Oil Gains Amid Concern Mideast Tensions May Curb Supply
Comment of the Day

August 13 2012

Commentary by David Fuller

Oil Gains Amid Concern Mideast Tensions May Curb Supply

Here is a section from this informative article from Bloomberg:
In London, hedge funds and other money managers raised their bullish bets on Brent crude by 4,894 lots, or 5.7 percent in the week ended Aug. 7, according to data from ICE Futures Europe.

Speculative bets that prices will rise, in futures and options combined, outnumbered short positions by 90,959 contracts in the week ended Aug. 7, the London-based exchange said today in its weekly Commitment of Traders report. Net longs were at 86,065 on July 31, the data show.

The U.S. said yesterday one of its destroyers had a collision with a tanker near the Strait of Hormuz, a transit route for a fifth of global crude shipments. The USS Porter hit the Panamanian-flagged M/V Otowasan at about 1 a.m. local time, said Bahrain-based U.S. 5th Fleet spokesman Lieutenant Greg Raelson. The incident wasn't combat-related, he said.

"It does raise the main issue in this area," Dominick Chirichella, a senior partner at the Energy Management Institute in New York, said in a note to clients. "A large number of military vessels are patrolling the area which, as we have seen, increases the possibility of accidents and thus the potential to slow the flow of traffic through this area."

U.S. ships are patrolling the Strait as Iran has threatened to block the waterway in retaliation for sanctions targeting its nuclear program. Israeli leaders are leaning toward a strike on the country before U.S. elections in November despite opposition to such a move by the security establishment, the Haaretz daily reported Aug. 10.

David Fuller's view Over the last year, hardly a week has gone by without me receiving reports or hearing comments that an Israeli strike on Iran's nuclear facilities was either imminent or would occur shortly before or after the US Presidential Election.

 I doubt that Israel would contemplate a strike against Iran before the US election, although the risk of an eventual attack continues to increase as Persia pushes ahead with its nuclear programme. It would be naïve to think that Iran was not planning to develop nuclear weapons.

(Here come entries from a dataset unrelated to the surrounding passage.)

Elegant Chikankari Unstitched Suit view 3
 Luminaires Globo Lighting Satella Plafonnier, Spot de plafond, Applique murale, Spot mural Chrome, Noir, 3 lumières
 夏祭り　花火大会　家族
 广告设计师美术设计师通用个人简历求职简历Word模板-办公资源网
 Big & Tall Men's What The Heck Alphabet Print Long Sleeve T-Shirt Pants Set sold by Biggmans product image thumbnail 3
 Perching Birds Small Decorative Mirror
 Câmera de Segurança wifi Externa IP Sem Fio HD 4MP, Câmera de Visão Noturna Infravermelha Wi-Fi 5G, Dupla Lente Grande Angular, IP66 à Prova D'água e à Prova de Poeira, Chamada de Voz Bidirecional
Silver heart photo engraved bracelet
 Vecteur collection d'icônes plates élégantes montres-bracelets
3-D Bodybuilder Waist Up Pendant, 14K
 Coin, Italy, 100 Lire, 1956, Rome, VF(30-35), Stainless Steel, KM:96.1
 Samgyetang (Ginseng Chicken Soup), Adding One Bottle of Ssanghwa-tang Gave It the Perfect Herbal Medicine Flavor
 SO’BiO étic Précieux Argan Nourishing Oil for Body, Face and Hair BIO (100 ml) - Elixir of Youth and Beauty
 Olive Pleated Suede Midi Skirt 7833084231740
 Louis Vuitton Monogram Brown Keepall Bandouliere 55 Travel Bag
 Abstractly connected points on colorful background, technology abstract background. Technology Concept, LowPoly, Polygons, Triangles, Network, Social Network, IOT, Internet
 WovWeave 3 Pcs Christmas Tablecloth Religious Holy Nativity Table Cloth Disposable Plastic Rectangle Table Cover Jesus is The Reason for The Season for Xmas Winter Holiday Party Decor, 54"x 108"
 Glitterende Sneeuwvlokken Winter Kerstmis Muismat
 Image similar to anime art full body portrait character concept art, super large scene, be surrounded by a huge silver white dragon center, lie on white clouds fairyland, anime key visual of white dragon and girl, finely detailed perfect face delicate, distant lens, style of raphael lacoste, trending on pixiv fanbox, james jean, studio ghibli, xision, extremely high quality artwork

This prospect has undoubtedly prompted some hedge funds to buy oil futures, particularly the Brent contract (weekly & daily), as a hedge against weakness in stock markets in the event of a military strike. While other concerns over oil supplies may have also influenced this decision, I doubt that current industrial demand for crude oil in what remains a global economic slowdown is sufficient to justify a Brent crude price which touched $115 today. Moreover, in rallying to this price from below $90 in late June, crude oil has once again become a headwind for the global economy.